Das Perlengebet als kostbare Tradition

von Redaktion

Zwischen Himmel und Erde

Vor meinen Augen kann ich sie immer noch sehen: die alte Frau, die sich jeden Abend mit dem Rollator auf den Weg macht. Immer wieder staune ich über ihre mühsame Beharrlichkeit, denn sie kommt wirklich bei jedem Wind und Wetter, bei Hitze und Schnee zum täglichen Rosenkranzgebet einer kleinen Gruppe in die Pfarrkirche.

So geht das sieben Tage die Woche schon über viele Jahrzehnte hinweg, erzählen mir die Bewohner des Viertels. Jetzt ist die alte Frau nach ein paar Stürzen in ein Pflegeheim umgezogen. Es geht nicht mehr allein zu Hause.

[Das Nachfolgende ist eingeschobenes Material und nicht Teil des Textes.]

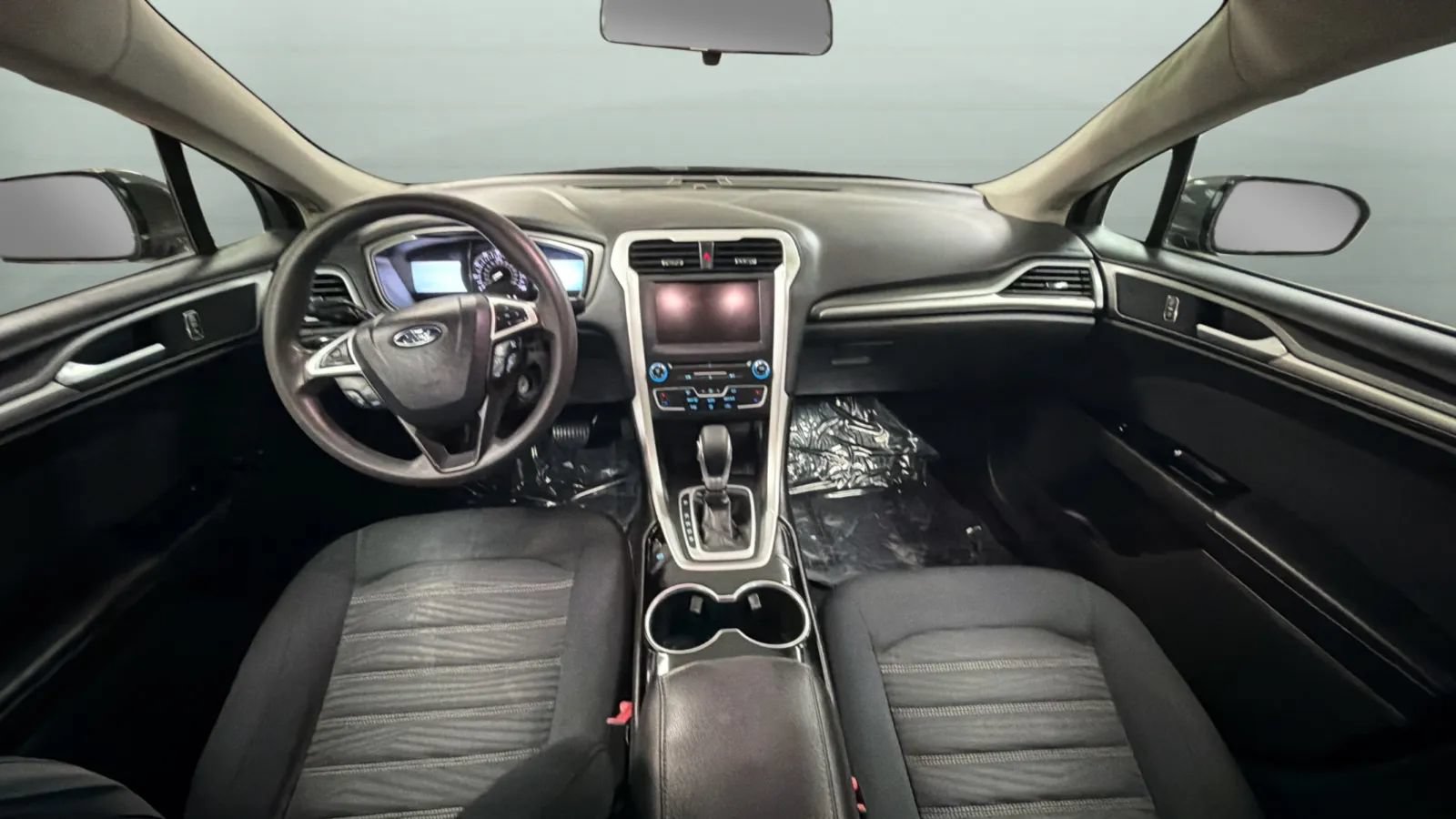 Used 2016 Ford Fusion SE FWD image 9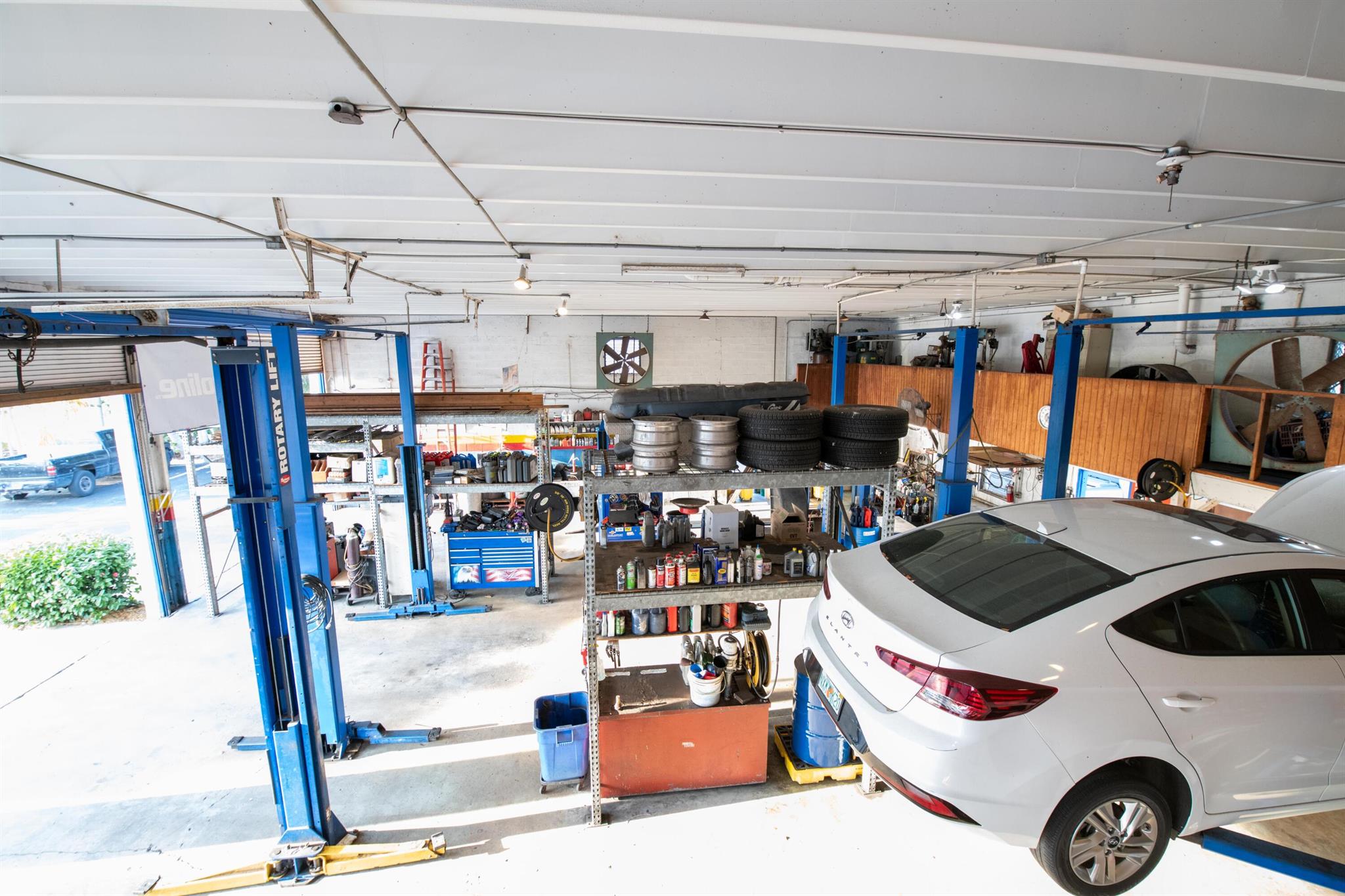 ARLINGTON PARK - Commercial Sale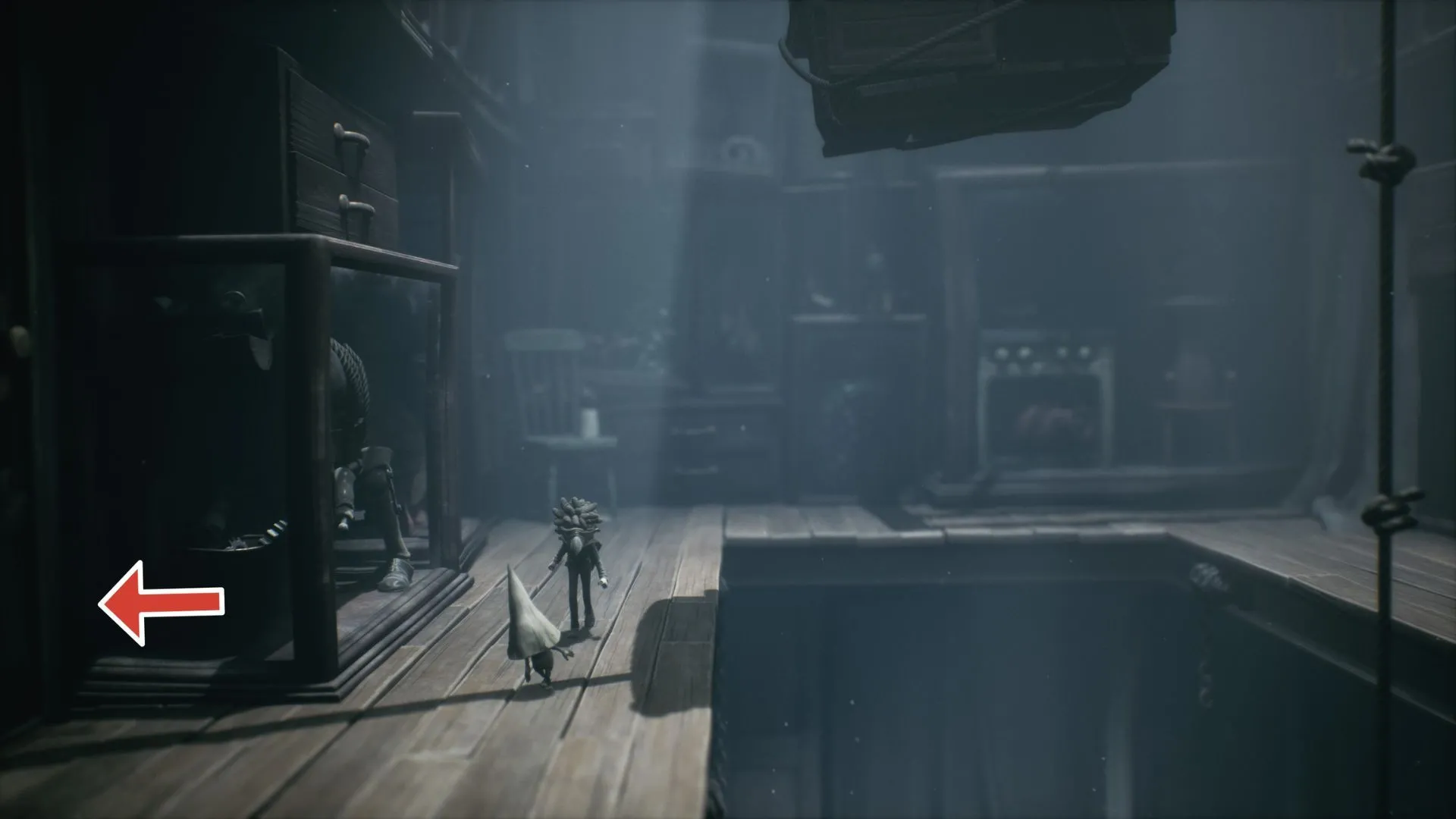 Nome #4 chạy trốn rồi lẩn ở góc cạnh bàn Little Nightmares 3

Als ich sie besuche, sehe ich den Rosenkranz am Nachttisch liegen. Sie folgt meinem Blick und meint: „Der Rosenkranz ist das Einzige, das mir jetzt noch geblieben ist.“ Mich berührt diese einfache Frau, die ihre persönliche Kraftquelle auch für schwere Zeiten gefunden hat.

Im Monat Oktober wird das Rosenkranzgebet traditionell noch an vielen Orten gepflegt. Den Jüngeren ist diese Form meist völlig fremd oder wird als „Geleiere“ der Alten abgetan. Dabei gibt es das meditative Wiederholen von einzelnen Gebeten, die wie ein Mantra zu einer besonderen Ruhe und in die Tiefe führen, auch in den derzeit als so modern geltenden fernöstlichen Religionen. Wir haben da eben unsere eigenen kostbaren Traditionen.

Als ich im Pflegeheim nach einer Zeit wieder gehe, drückt die alte Frau liebevoll meine Hand: „Ich bete für Sie, denn ich habe hier ja viel Zeit. Damit Ihnen die Kraft nicht ausgeht!“ Was für ein Geschenk, dass es solche Menschen heute noch gibt, die mich und andere im Herzen still weitertragen.